What is expected:
Could you return all of the records exactly, minus their images?

================================

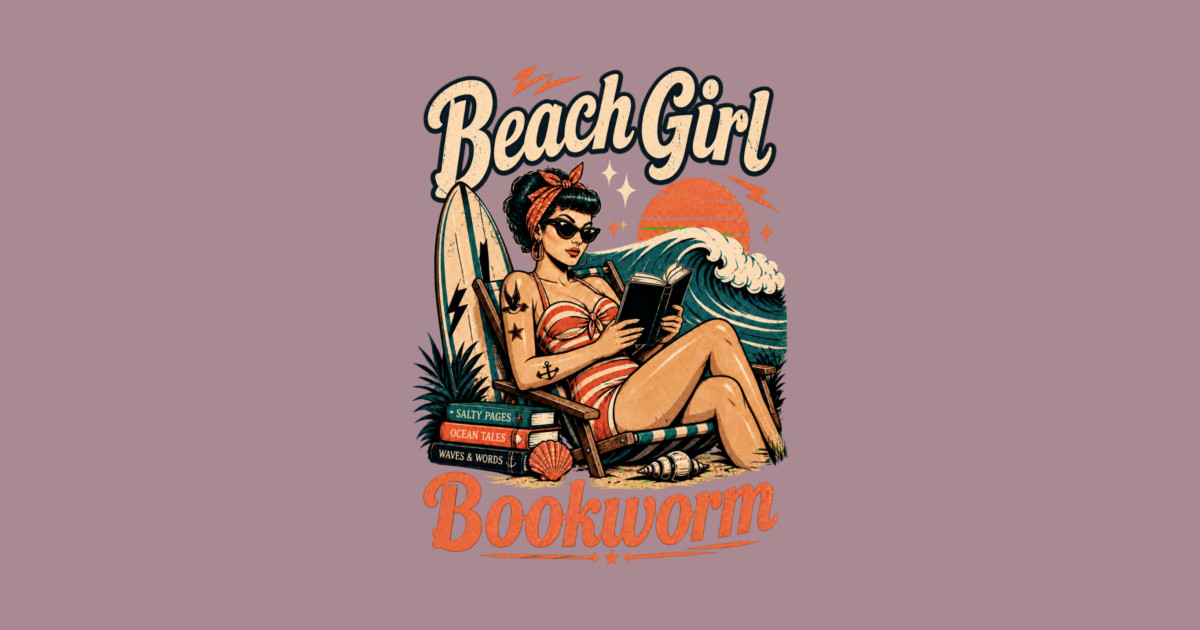 Beach Girl Bookworm T-Shirt - Image 2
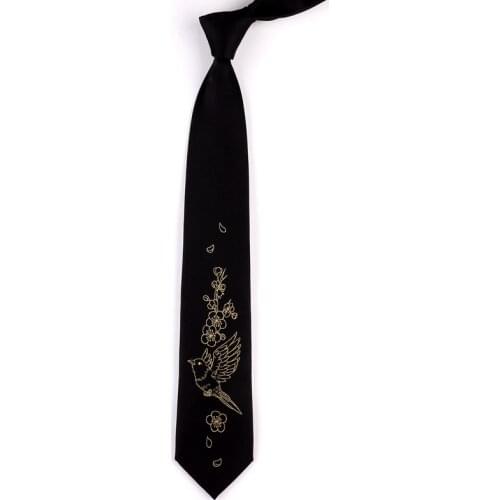 Free Shipping New Male mens Original design tie female retro personality gift necktie Plum blossom canary bronzing embroidery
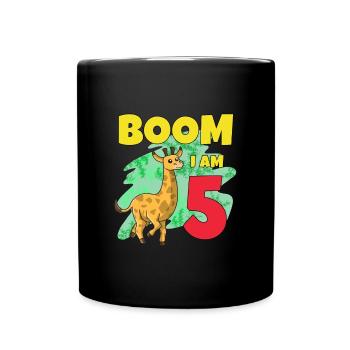 5. Geburtstag Giraffe - Tasse einfarbig - Schwarz - Vorne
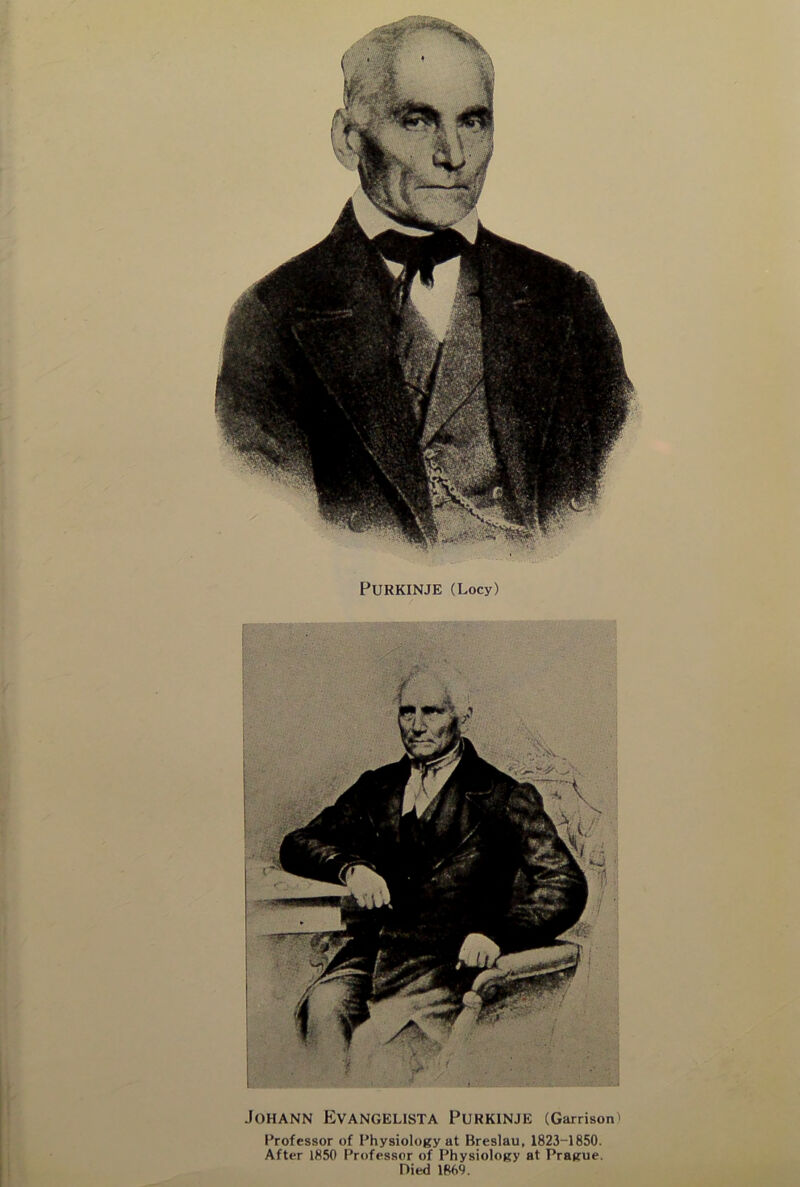 PURKINJE (Locy) Johann Evangelista Purkinje (Garrison^ Professor of Physiology at Breslau, 1823-1850. After 1850 Professor of Physiology at Prague. Died 1869.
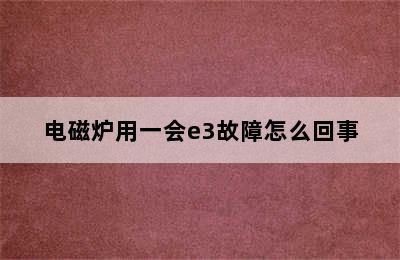 电磁炉用一会e3故障怎么回事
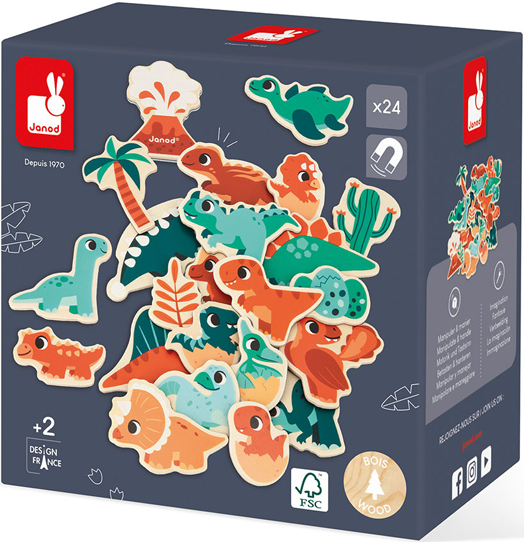 Комплект за игра Janod - Динозаври, 24 броя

================================

Reply to the exercise:
 Beach Girl Bookworm T-Shirt - Image 2
 Free Shipping New Male mens Original design tie female retro personality gift necktie Plum blossom canary bronzing embroidery
 5. Geburtstag Giraffe - Tasse einfarbig - Schwarz - Vorne
 PURKINJE (Locy) Johann Evangelista Purkinje (Garrison^ Professor of Physiology at Breslau, 1823-1850. After 1850 Professor of Physiology at Prague. Died 1869.
 电磁炉用一会e3故障怎么回事
 Комплект за игра Janod - Динозаври, 24 броя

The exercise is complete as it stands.